### WHAT THE TASK ASKS
What lines in the entries below contain the word "Wall"? Copy all of them.

### DATASET EXCERPTS
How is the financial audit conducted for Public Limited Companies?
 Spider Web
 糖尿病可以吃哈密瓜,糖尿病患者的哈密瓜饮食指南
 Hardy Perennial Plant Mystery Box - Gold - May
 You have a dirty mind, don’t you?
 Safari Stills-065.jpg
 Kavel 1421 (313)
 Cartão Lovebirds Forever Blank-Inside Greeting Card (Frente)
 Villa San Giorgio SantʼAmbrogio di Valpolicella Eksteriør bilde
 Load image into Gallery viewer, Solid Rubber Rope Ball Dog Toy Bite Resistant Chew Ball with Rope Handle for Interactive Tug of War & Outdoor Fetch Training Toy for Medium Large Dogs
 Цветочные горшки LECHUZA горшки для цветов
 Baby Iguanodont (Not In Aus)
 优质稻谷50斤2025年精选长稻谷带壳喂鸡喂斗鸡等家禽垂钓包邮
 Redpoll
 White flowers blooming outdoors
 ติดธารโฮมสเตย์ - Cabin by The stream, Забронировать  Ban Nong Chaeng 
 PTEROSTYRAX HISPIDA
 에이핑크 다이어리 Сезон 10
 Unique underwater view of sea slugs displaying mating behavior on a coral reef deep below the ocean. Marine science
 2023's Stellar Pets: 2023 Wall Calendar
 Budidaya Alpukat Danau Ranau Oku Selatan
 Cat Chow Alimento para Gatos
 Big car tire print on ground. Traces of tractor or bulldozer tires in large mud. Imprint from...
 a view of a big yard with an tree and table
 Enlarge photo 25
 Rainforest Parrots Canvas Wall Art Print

### RESPONSE
 2023's Stellar Pets: 2023 Wall Calendar
 Rainforest Parrots Canvas Wall Art Print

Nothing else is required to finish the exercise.